O Decreto-Lei n.º 10/2024, de 8 de janeiro, procedeu à reforma e simplificação dos licenciamentos no âmbito do urbanismo, ordenamento do território e indústria.

Em especial, destacamos as seguintes medidas:

i) Medidas aplicáveis à Administração Pública e a todos os procedimentos relacionados com o exercício da função administrativa:

• Eliminação de obtenção de licenças urbanísticas, criando-se:

 

 novos casos de obras sujeitas a comunicação prévia,

 novos casos de isenção (não existindo qualquer procedimento administrativo de controle prévio, por exemplo quanto ao aumento de número de pisos sem aumento da altura do edifício ou fachada) e

 de dispensa de controle prévio.

 

• Contratação de serviços de fiscalização pelos municípios sem necessidade de aguardar pela aprovação de um decreto-lei que regulamente tal possibilidade.

• Simplificação dos procedimentos administrativos para obtenção de licenças urbanísticas, para a realização de comunicações prévias e no quadro das informações prévias.

• Aprovação de um regime de deferimento tácito para as licenças de construção, caso as decisões não tenham sido adotadas nos prazos devidos, o particular poderá realizar o projeto pretendido.

• Eliminação do alvará de licença de construção, o qual é substituído pelo recibo do pagamento das taxas devidas.

• Adoção de novas regras para que a contagem dos prazos processuais.
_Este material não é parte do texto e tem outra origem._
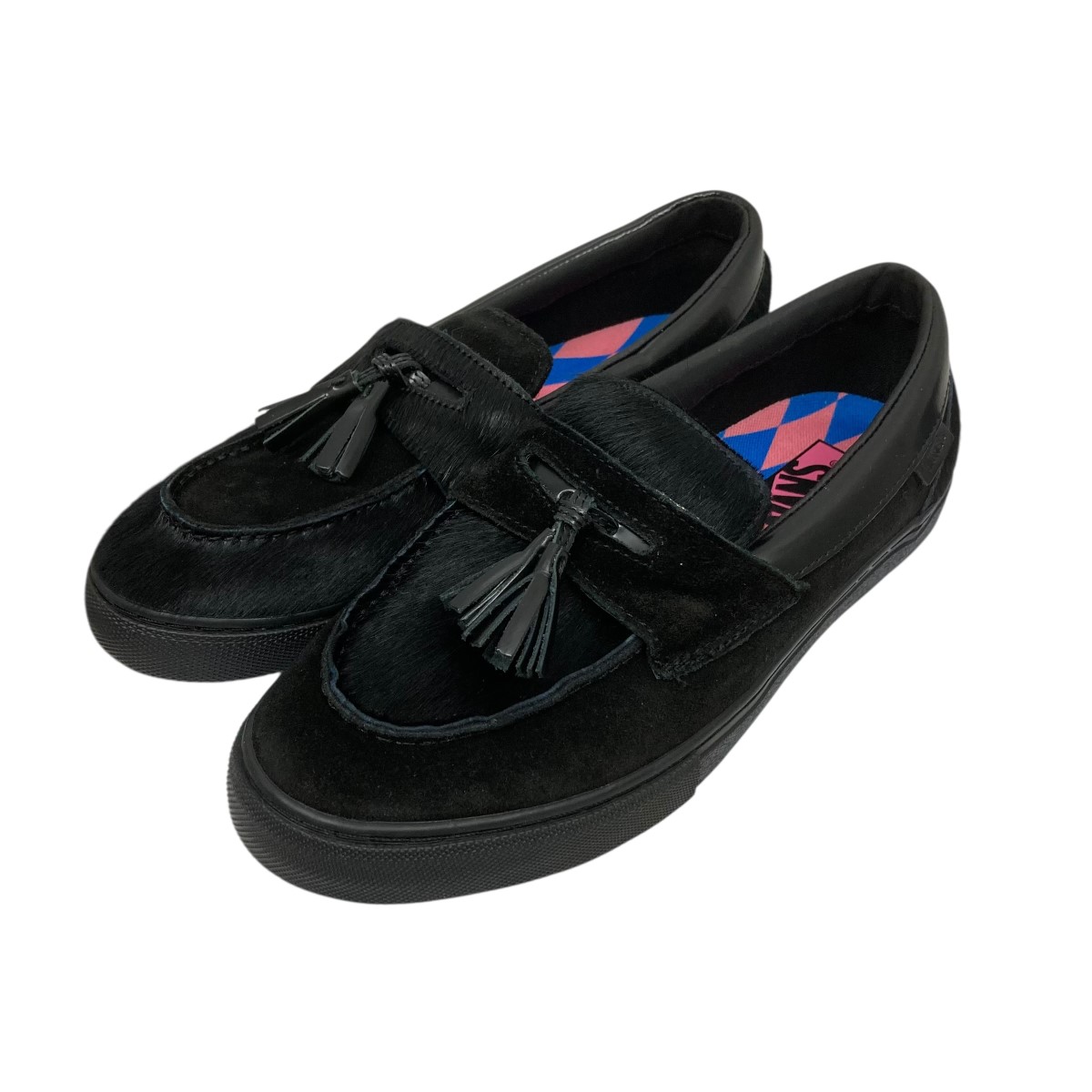【中古】 VANS ハラコタッセルシューズ V196CF MIX BLS Year of the Horse ブラック サイズ：25.5cm 【価格見直し】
ii) Medidas de simplificação na Área do Urbanismo:

• Eliminação da necessidade de parecer da entidade competente em matéria de patrimônio cultural em várias situações.

• Criação de uma Plataforma Eletrónica dos Procedimentos Urbanísticos, de utilização obrigatória para os municípios a partir de 5 de janeiro de 2026, que permitirá uniformizar procedimentos urbanísticos e evitar que existam práticas e procedimentos diferentes em vários municípios em matérias de natureza procedimental e formal.

• Clarificação dos poderes de cognição dos municípios no exercício do controle prévio urbanístico, em especial relativamente à emissão de licenças.

• Eliminação de certas exigências excessivas em matéria de controle prévio urbanístico.

• Adoção de medidas destinadas a simplificar o processo de obtenção da autorização para utilização, nomeadamente a autorização de utilização quando tenha existido obra sujeita a um controlo prévio.

• Simplificação dos processos em matéria de especialidades, sendo que os municípios não apreciam nem aprovam projetos de especialidades, os quais são remetidos para mera tomada de conhecimento e arquivo, acompanhadas de termos de responsabilidade emitidos pelos técnicos competentes em como os projetos foram realizados em conformidade com a lei.

• Simplificação dos processos de receção das obras de urbanização.

• Simplificação das formalidades relacionadas com a compra e venda do imóvel, eliminando formalidades que não representam valor acrescentado, nomeadamente a Ficha Técnica de Habitação (FTH).

 

Todas essas alterações representam boas notícias para o mercado imobiliário e da construção em Portugal, na medida em que diminuem significativamente a burocracia e o tempo envolvidos nos processos de construção e de compra e venda de imóveis.